Job Skills:
A Data Analyst collects, organises and studies data to provide insight and facilitate understanding.
The role requires experience in and a strong ability to:
- Create and/or maintain data models , dictionaries, data mappings, flows as part of project engagements.
- Apply metadata techniques and practices
- Apply the most appropriate medium to visualise data to tell compelling and actionable stories relevant for business goals. You present, communicate and disseminate data appropriately and with high impact.
- Link, aggregate, manage and clean data
- Undertake a range of analytical and statistical studies on data and present findings
- Identify data anomalies, nuances, undocumented standards and errors that will impact data quality and improvements.
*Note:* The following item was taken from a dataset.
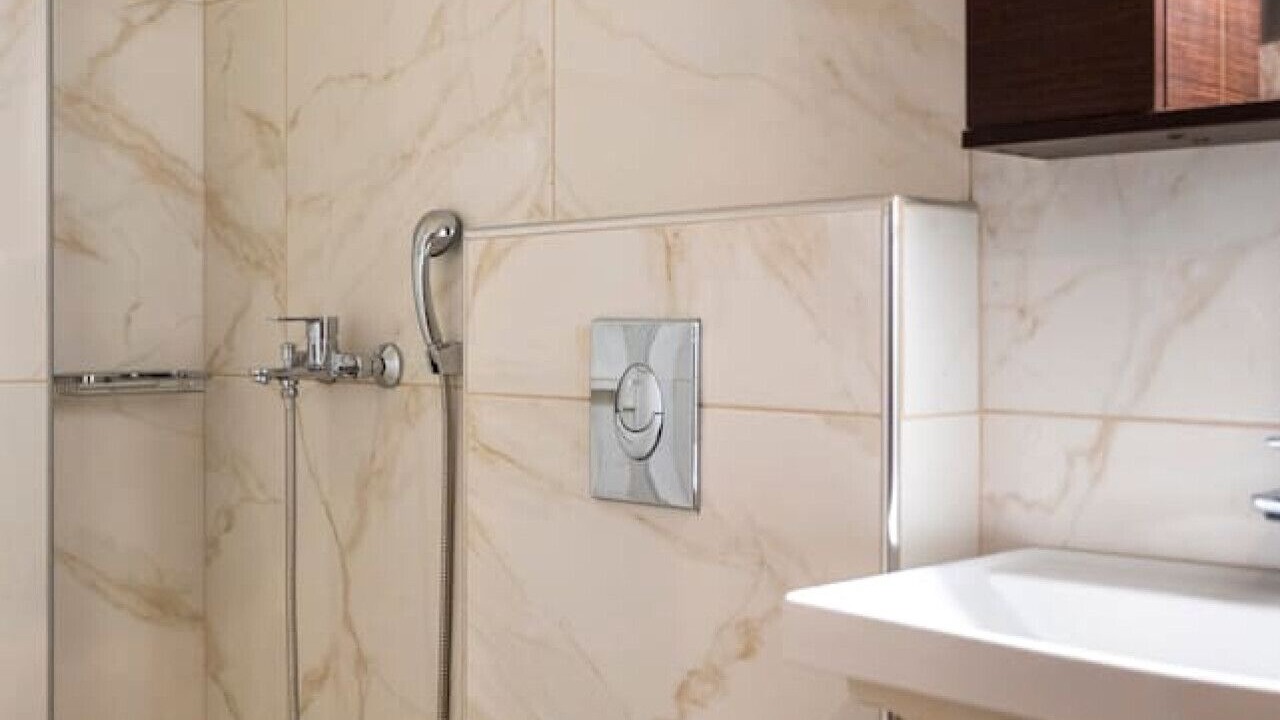 Photo of Bathroom in Kos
- Determine structure, content and relationships within and across datasets
Proficiency in the following technologies is required:
- SQL - Intermediate experience of SQL to interpret data
- Python
- PowerBI
- Databricks
The following non-technical skills for data analysis within Tech Centralis are required:
- A working knowledge of data architecture through reuse of data, interfaces, designs where appropriate
- Technical writing skills that contribute to the documentation of Data Standards including Data Definitions and Data Quality Rules
- Work with business and technology stakeholders to translate business problems into data designs.
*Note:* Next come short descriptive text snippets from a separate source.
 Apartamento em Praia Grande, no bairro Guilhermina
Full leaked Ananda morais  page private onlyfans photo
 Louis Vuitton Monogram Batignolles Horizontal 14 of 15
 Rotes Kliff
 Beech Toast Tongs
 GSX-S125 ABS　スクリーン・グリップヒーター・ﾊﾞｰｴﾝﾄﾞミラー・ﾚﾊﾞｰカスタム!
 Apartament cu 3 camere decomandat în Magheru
- Effective communication skills across organisational, technical and political boundaries, understanding the context. You make complex and technical information and language simple and accessible for non-technical audiences
- Understand Data Quality Management principles
- Knowledge of data governance standards, controls and requirements and how they are factored into design activity
- Have an overall perspective on business issues, events and activities, and an understanding of their wider implications and long-term impact. This could include determining patterns, standards, policies, roadmaps and vision statements.
Related expertise:
- Understanding of Data Quality Management principles
- Data Design discovery & process management
- Appreciation for data governance standards, controls and requirements and how they are factored into design activity
- Experience in Python is desirable.
- have an overall perspective on business issues, events and activities, and an understanding of their wider implications and long-term impact. This could include determining patterns, standards, policies, roadmaps and vision statements.